• What you should do:
Exactly and only the lines from the line holding "image for item FB3268" to the end of the records should be reproduced. Leave pictures out.

• Working data:

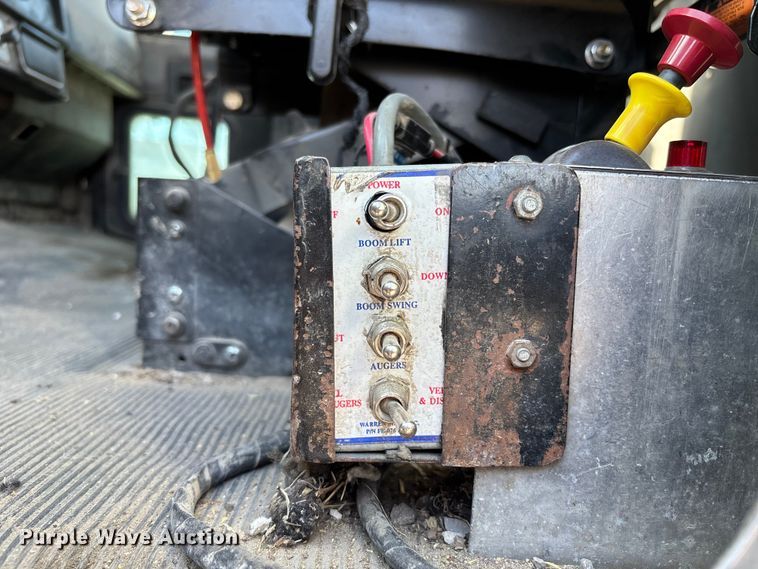 image for item FB3508 2001 Kenworth T300 truck cab and chassis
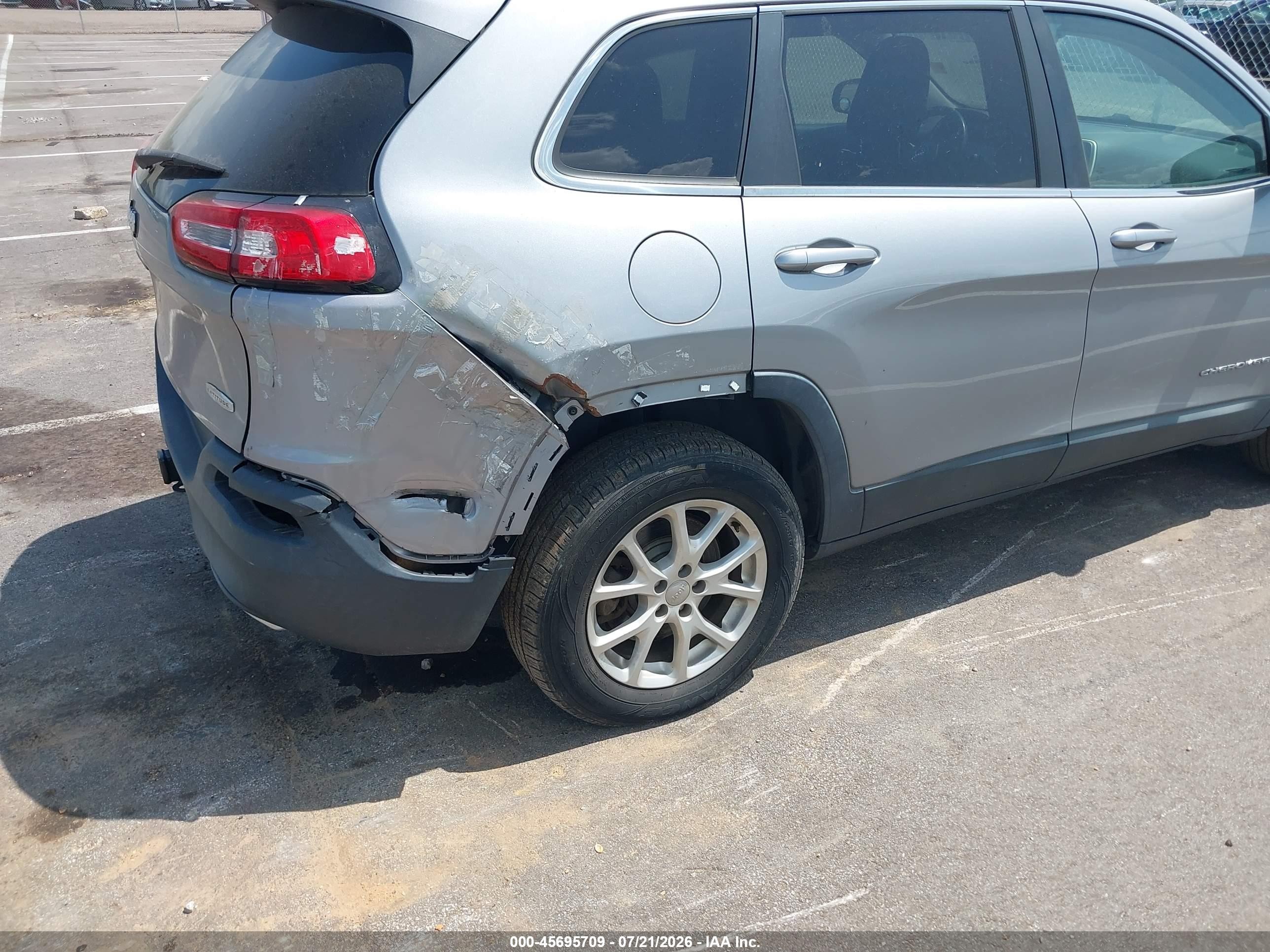 2015 Jeep Cherokee Latitude Серый vin: 1C4PJMCS1FW525087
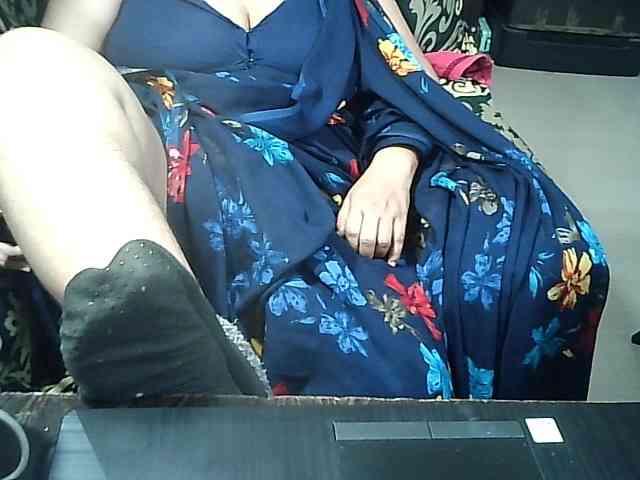 Indianbhabhimilf40 webcam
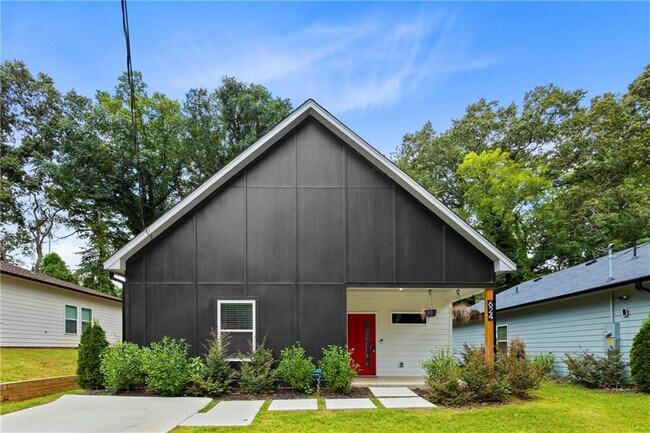 property at 624 Robert St NW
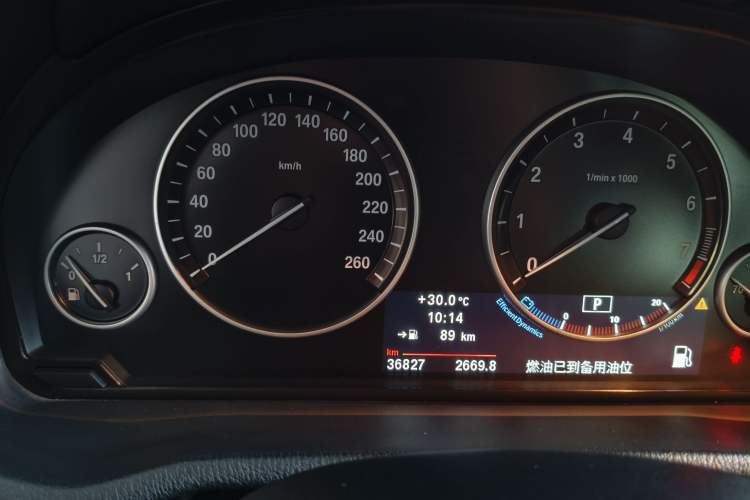 Used BMW X3 2013 Facelifted xDrive20i Luxury Edition Interior 1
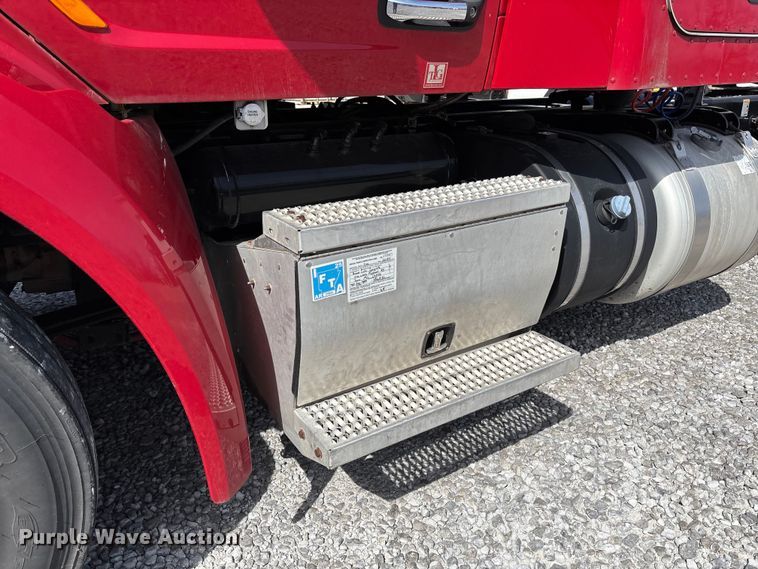 image for item FB3268 2019 Peterbilt 579 semi truck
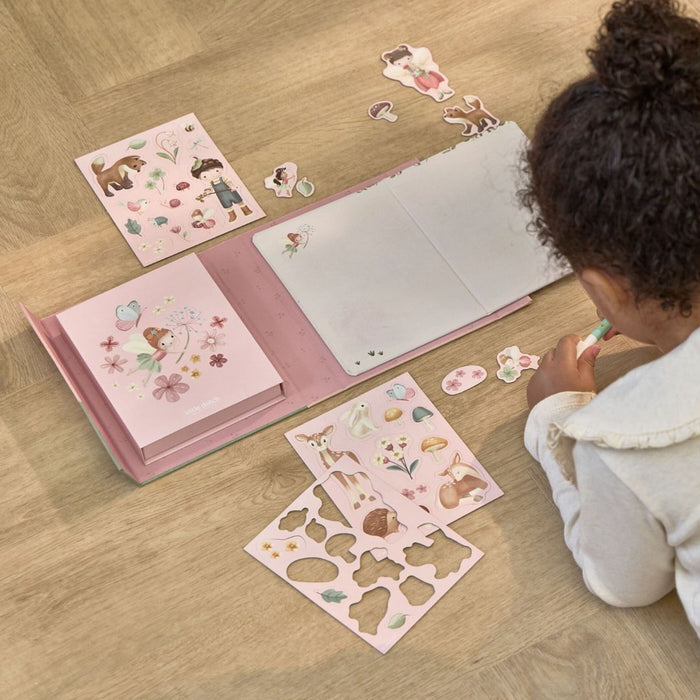 Little Dutch® Magnetic Activity Book Rosa Fairy Garden – slika 6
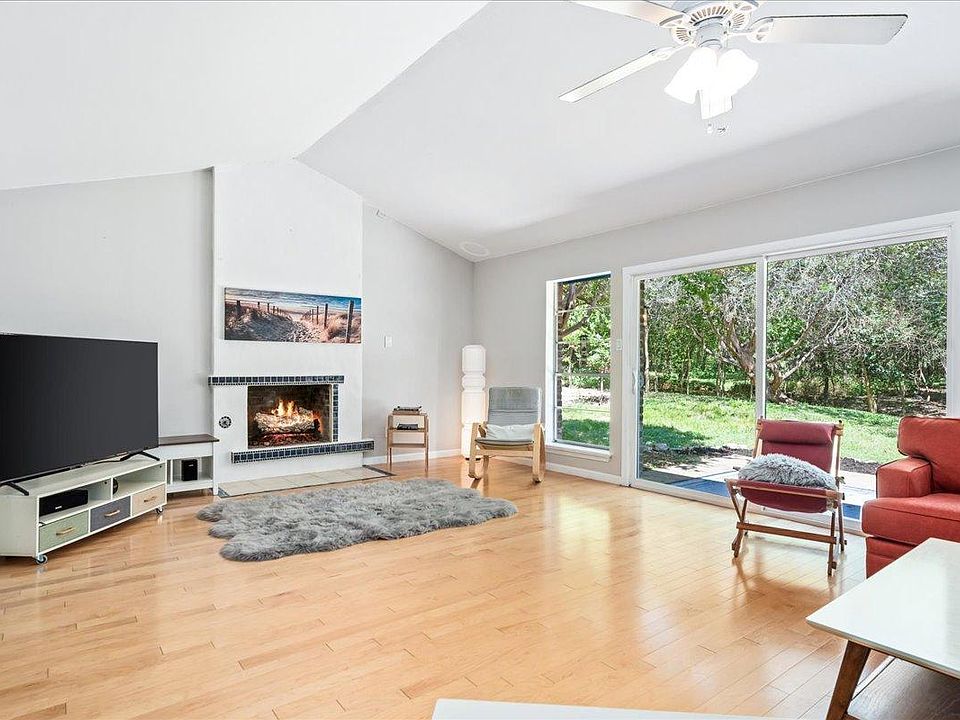 1st image of 304 Cedarbrook Ct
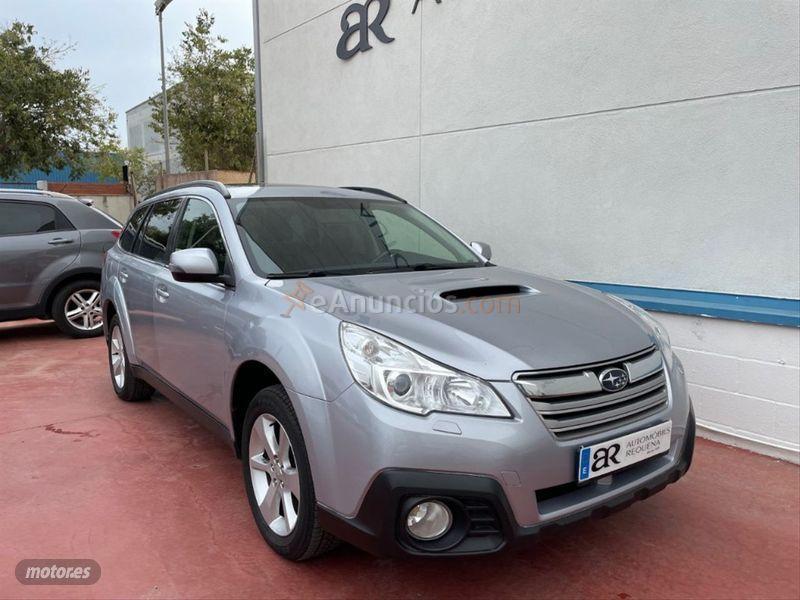Subaru Outback 2.0 TD Executive CVT Lineartronic AWD de 2015 con 180.000 Km por 14.850 EUR. en Barcelona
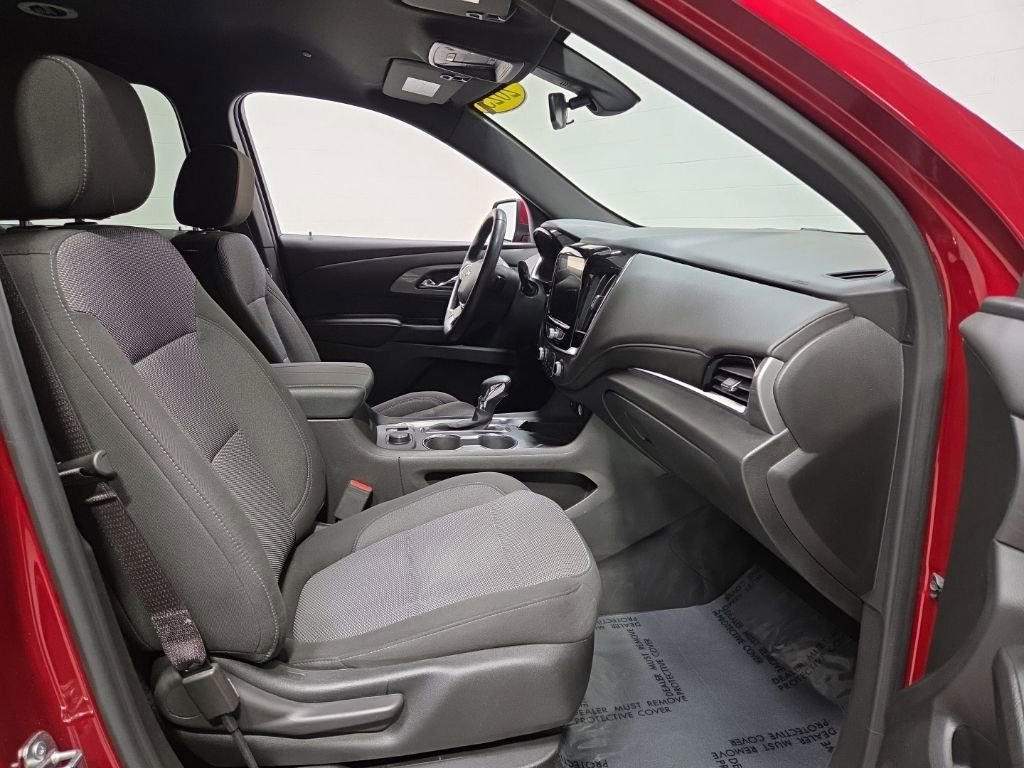 Used 2023 Chevrolet Traverse LT image 10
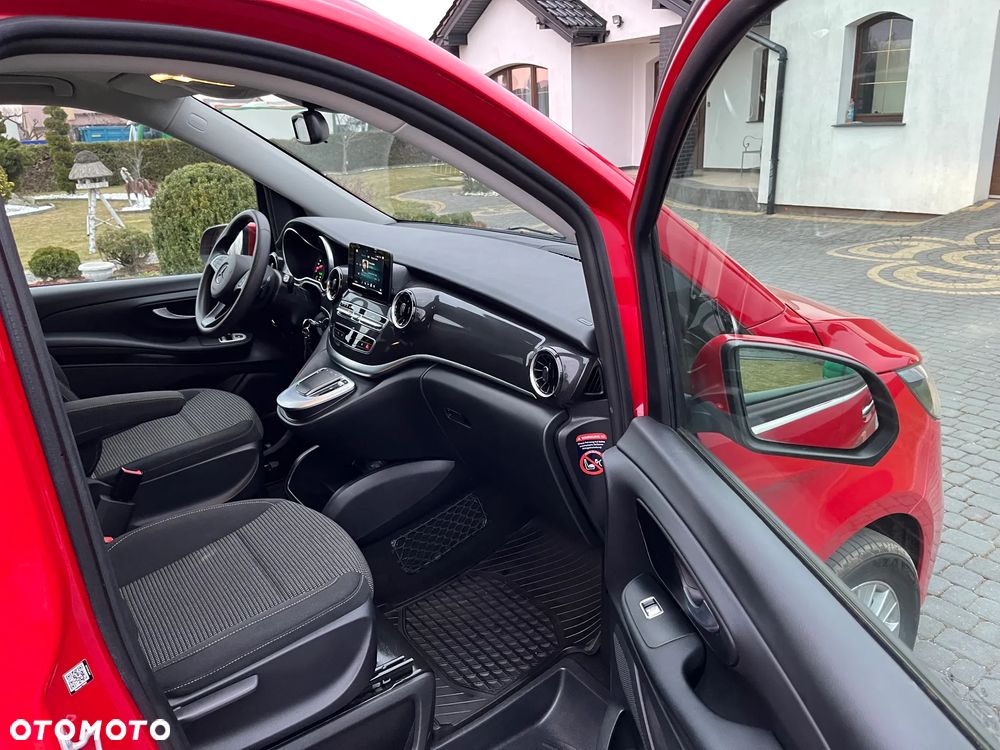 Mercedes-Benz Klasa V - 25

• Exercise response:
 image for item FB3268 2019 Peterbilt 579 semi truck
 Little Dutch® Magnetic Activity Book Rosa Fairy Garden – slika 6
 1st image of 304 Cedarbrook Ct
Subaru Outback 2.0 TD Executive CVT Lineartronic AWD de 2015 con 180.000 Km por 14.850 EUR. en Barcelona
 Used 2023 Chevrolet Traverse LT image 10
 Mercedes-Benz Klasa V - 25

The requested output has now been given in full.